Wir trauten daher unseren Augen nicht, als unter Chefredaktor Hans Stutz im Jahre 2007 tatsächlich ein Mensch in Ganzkörperaufnahme das Cover zierte. Es war der damalige NZZ-Chefredaktor Markus Spillmann. Er posierte professionell, wie ein Model. Die schwarze Schlagzeile dazu: «Wir wollen die Besten sein!»

Mitten im Wahnsinn

«Inserate reinzuholen für ein medienkritisches Blatt ist der härteste Job der Welt. Er macht dich wahnsinnig.» So beschrieb ein junger Akquisiteur mit einschlägiger Erfahrung diese Arbeit und lehnte den Job ab. Unser langjähriger Inserate­akquisiteur Hannes WieLand ertrug den Wahnsinn. Unermüdlich putzte er die Klinken in den Inserateabteilungen. Unter dem Stiftungsratspräsidenten Heinz Däpp, Berner Journalist und Satiriker, nahm Hannes WieLand auch an den gemeinsamen Sitzungen teil. Er trank ein Bier und machte seine Blattkritik. Der begeisterte Fussballer verlor dabei des öftern seine sportliche Fairness. Die Redaktion schaute konsterniert aus der Wäsche, Chefredaktorin ­ Ursula Dubois schnappte nach Luft, und Stiftungsrätin Marie-Josée Kuhn (damals WOZ, heute Chefredaktorin «work») kräuselte die rot geschminkten Lippen. Produzentin Irmgard Imstepf, intern «The Brain» genannt, versuchte die Wogen zu glätten. Dank ihr liefen die Sitzungen nicht aus dem Ruder. Aber es war Hannes WieLand, der uns mit seinem Engagement vor dem finanziellen Absturz bewahrte.

Jubiläumsfete

Für die Jubiläumsnummer 30 Jahre «Klartext» 2010 mobilisierten wir nochmals alle möglichen Einnahmequellen. Sogar branchenfremde Leute spendeten Geld, darunter ein Schönheits­chirurg. Die Unionsdruckerei Schaffhausen war sehr grosszügig und gewährte uns für die Grossauflage Rabatt.
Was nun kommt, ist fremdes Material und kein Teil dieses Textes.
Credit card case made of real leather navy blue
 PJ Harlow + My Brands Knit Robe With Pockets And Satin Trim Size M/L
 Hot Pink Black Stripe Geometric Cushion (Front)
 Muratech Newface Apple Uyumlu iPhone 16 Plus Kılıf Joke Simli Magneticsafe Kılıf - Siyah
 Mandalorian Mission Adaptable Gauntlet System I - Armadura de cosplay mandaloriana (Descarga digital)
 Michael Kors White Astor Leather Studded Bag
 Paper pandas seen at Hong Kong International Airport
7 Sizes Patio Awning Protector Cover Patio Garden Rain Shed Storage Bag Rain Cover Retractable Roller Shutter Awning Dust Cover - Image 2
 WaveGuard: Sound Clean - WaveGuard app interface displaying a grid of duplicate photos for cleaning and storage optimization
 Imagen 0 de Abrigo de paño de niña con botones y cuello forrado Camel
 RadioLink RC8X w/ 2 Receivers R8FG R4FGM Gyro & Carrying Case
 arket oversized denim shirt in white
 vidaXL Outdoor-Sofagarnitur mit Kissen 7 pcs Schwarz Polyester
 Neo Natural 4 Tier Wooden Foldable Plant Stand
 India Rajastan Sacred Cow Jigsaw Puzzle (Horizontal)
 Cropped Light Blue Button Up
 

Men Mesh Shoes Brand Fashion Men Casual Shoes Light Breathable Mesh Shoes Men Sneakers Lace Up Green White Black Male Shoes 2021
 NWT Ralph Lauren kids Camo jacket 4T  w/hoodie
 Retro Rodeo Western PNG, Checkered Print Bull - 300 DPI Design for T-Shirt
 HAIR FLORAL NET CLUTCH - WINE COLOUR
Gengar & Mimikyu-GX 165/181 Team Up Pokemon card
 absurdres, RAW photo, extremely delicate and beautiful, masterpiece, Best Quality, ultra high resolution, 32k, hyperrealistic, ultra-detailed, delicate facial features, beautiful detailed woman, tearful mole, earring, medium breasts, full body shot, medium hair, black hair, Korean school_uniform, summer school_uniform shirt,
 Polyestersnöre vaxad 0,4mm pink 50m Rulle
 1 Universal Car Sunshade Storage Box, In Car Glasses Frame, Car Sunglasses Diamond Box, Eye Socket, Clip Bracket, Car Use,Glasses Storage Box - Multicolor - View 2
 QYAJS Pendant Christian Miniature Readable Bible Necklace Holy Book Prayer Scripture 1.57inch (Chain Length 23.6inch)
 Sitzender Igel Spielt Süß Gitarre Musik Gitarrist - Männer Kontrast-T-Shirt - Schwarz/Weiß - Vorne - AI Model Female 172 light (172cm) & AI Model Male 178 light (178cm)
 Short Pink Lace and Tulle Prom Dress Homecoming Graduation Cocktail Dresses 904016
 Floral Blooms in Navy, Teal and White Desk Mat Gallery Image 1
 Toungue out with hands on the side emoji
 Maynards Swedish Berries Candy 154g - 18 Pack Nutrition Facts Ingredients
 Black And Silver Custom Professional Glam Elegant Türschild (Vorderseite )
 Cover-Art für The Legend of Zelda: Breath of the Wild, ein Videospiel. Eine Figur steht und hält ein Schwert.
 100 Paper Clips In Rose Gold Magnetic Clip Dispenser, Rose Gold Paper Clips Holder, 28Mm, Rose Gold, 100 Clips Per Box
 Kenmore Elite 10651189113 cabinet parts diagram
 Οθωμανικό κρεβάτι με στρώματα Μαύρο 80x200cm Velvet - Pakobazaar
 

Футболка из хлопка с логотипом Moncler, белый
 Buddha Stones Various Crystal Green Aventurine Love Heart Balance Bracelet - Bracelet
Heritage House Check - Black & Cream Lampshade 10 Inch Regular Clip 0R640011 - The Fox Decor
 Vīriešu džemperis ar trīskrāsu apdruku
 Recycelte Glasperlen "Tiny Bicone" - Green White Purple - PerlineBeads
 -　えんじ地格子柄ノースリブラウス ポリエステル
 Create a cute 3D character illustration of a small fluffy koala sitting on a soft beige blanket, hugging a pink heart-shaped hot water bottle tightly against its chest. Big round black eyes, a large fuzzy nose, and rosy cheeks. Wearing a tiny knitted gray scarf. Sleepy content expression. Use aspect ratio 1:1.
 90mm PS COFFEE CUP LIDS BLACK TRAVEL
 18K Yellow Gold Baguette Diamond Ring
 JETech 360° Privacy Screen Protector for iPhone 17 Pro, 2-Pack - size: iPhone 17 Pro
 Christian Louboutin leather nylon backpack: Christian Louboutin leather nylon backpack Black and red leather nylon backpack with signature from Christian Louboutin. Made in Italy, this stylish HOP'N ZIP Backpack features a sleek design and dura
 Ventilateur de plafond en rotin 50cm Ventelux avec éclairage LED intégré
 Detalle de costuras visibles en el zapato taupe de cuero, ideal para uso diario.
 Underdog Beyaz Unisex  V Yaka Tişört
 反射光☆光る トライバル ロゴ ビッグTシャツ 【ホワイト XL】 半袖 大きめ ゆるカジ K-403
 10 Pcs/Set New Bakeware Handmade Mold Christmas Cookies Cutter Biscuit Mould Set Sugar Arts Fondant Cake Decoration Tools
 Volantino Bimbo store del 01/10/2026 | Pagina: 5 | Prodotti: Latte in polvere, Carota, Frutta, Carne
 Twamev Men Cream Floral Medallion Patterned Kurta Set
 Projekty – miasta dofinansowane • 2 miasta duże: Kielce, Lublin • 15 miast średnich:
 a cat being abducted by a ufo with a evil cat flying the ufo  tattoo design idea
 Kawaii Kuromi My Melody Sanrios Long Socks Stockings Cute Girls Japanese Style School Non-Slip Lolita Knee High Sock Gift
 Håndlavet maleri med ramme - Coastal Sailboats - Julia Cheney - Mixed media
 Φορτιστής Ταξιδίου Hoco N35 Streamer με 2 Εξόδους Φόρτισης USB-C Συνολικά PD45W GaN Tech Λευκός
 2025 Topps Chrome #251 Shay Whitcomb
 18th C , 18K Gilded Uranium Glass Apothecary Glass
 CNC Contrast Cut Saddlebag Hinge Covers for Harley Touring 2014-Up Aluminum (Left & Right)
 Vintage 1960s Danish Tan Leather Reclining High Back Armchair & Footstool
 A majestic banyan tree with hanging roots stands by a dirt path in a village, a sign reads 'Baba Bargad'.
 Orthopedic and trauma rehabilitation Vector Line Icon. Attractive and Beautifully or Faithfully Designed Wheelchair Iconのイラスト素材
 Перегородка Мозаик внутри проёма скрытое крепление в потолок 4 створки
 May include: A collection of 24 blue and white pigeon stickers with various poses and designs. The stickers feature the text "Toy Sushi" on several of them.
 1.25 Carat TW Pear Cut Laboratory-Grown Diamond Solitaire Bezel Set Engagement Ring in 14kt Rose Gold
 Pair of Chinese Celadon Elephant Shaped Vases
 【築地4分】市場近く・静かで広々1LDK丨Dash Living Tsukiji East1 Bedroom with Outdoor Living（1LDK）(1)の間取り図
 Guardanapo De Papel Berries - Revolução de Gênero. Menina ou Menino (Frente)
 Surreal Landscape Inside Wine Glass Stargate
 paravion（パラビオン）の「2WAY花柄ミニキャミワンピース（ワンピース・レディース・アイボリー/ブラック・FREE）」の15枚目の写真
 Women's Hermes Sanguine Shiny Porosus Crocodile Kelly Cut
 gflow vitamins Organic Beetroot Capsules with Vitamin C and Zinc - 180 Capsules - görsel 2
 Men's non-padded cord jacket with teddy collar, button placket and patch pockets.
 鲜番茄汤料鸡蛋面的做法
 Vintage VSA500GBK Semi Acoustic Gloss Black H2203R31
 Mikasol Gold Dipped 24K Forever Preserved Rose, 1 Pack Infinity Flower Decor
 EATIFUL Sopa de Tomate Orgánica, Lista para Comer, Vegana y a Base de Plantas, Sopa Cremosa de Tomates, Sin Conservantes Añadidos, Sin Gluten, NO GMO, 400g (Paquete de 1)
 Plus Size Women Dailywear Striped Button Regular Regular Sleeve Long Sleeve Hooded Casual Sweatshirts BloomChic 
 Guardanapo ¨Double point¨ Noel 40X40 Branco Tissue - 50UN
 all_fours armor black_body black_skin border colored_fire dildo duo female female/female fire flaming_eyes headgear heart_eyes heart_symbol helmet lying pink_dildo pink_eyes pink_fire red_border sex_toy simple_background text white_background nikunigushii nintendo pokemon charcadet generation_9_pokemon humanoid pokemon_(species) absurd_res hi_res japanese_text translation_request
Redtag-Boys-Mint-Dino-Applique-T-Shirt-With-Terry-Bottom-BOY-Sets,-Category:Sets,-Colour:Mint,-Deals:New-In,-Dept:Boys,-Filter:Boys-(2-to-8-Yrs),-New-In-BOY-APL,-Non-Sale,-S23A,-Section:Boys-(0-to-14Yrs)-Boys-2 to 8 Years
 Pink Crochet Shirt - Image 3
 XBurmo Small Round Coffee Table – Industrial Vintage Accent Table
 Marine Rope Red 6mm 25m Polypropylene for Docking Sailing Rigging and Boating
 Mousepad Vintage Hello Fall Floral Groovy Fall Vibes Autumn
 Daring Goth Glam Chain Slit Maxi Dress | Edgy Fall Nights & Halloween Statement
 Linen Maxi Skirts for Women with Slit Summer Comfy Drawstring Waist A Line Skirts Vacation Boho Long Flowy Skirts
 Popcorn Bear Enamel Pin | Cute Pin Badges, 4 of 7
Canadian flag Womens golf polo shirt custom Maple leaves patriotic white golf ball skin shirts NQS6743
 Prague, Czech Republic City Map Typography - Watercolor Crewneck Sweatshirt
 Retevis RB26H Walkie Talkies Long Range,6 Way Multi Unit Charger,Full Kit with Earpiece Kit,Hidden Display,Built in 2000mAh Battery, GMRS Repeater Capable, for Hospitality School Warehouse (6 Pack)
In seiner Rede zum 30-Jahr-
Jubiläum sprach Wirtschafts- und Medienrechtsprofessor Peter Nobel über die «Wichtigkeit des wahren Journalismus». Er schenkte uns den Ausstellungskatalog seiner mehr als 800 Werke umfassenden Sammlung «Press Art». Chefredaktor Nick Lüthi (heute Redaktor bei der «Medienwoche») nippte während der Ansprache versonnen an seinem Glas.

Partnerschaft mit EDITO

2011 taten wir uns mit ­«Edito» zusammen. Aus «Klartext», herausgegeben von einer unabhängigen Stiftung, wurde «Edito + Klartext», publizistisch verantwortet von syndicom, Impressum und SSM.

Wie hat es der ehemalige Bundesratssprecher Oswald Sigg am Premierenapéro von «Edito + Klartext» gesagt: «Ihr habt die Mauer zwischen syndicom, Impressum und SSM niedergerissen mit dieser Partnerschaft.» Oder in den Worten von jmb auf Parmelin-Englisch: «Chers amis, je vous souhaite le best et don't break together!»

 

* Als Volontärin 1979 mit dem «Klartext» gross geworden. Präsidentin Stiftungsrat «Klartext» von 1999 bis 2012.